* _TASK REQUIREMENTS_
Every line of the listing below is to be repeated exactly; the pictures stay out.

* _GIVEN INFORMATION_
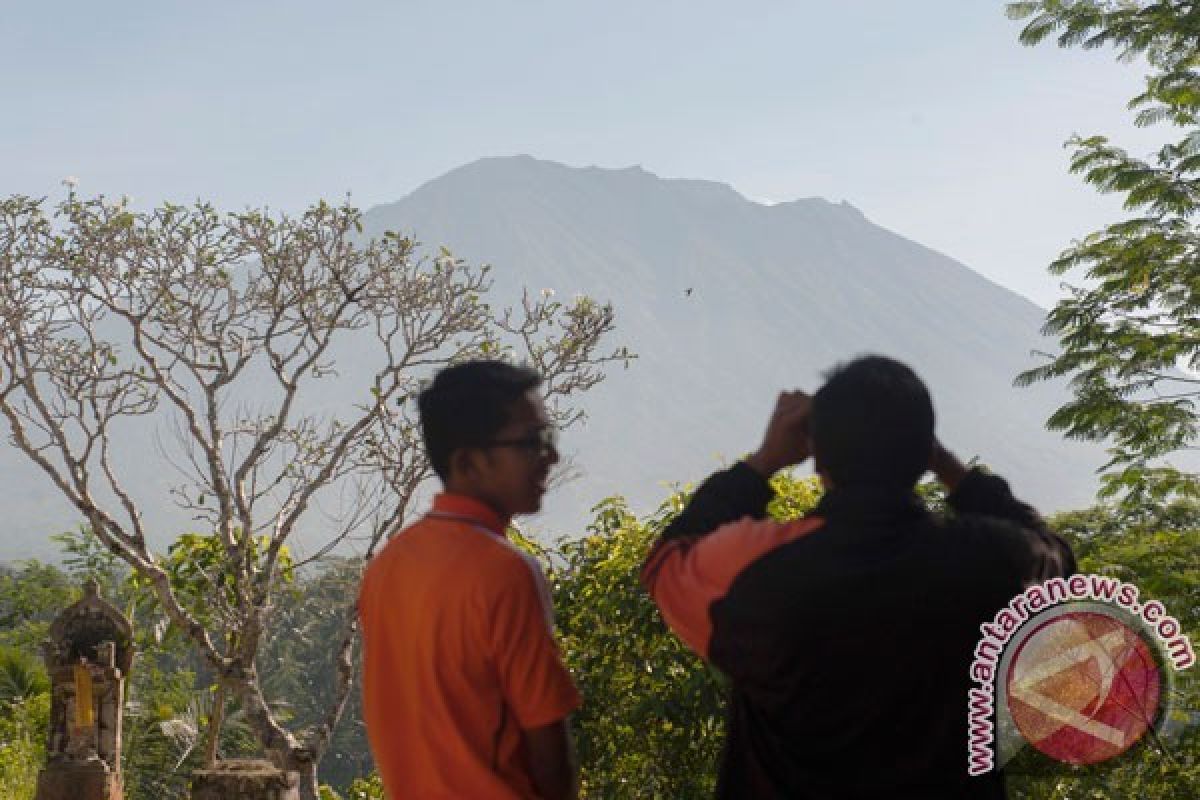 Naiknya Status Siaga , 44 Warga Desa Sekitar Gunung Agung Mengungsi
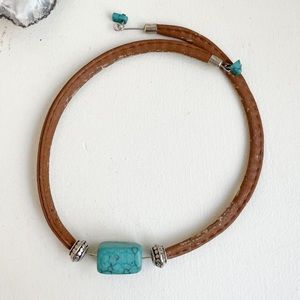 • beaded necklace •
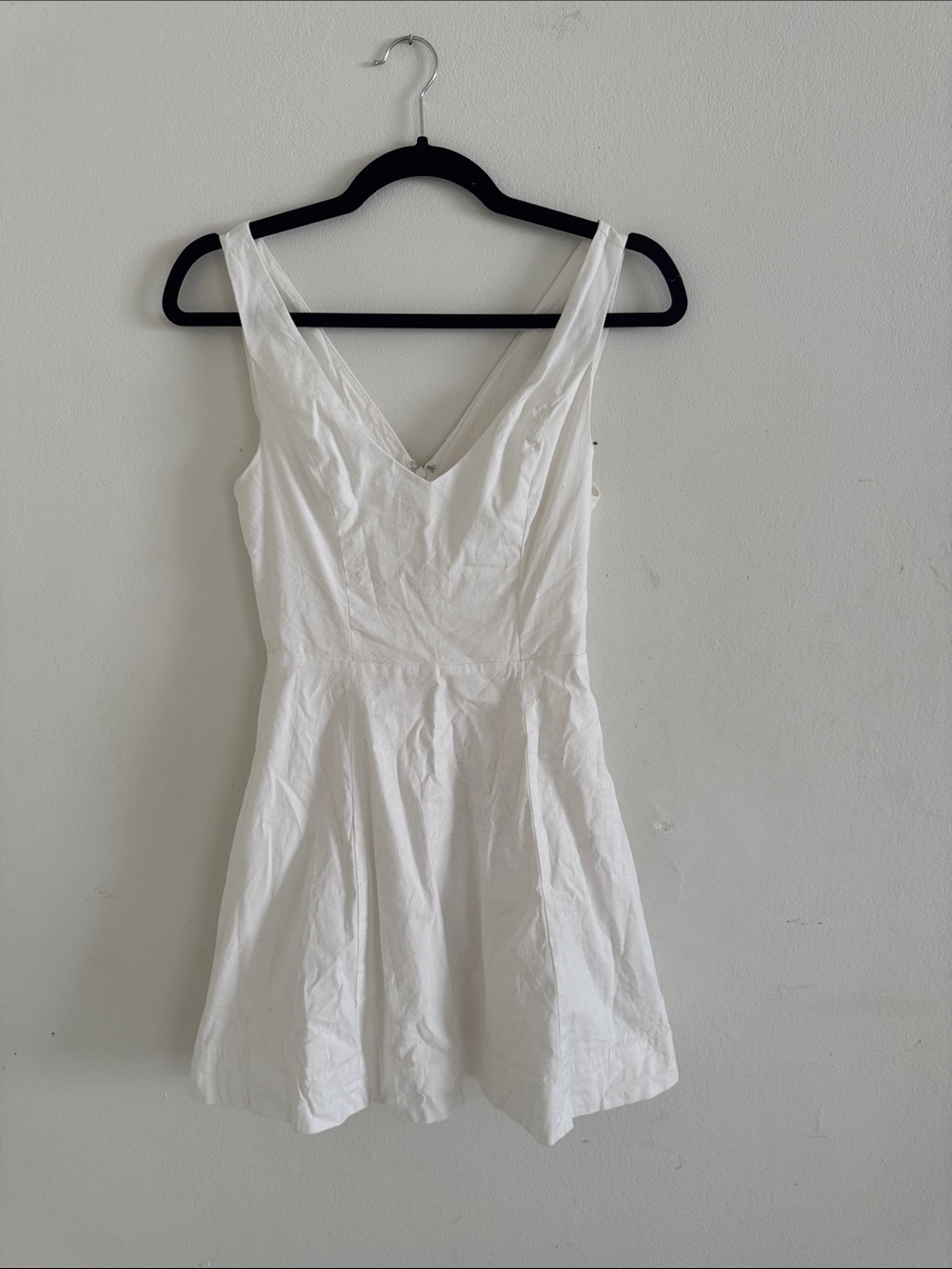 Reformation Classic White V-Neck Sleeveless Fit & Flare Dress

* _RESULT OF THE TASK_
 Naiknya Status Siaga , 44 Warga Desa Sekitar Gunung Agung Mengungsi
 • beaded necklace •
 Reformation Classic White V-Neck Sleeveless Fit & Flare Dress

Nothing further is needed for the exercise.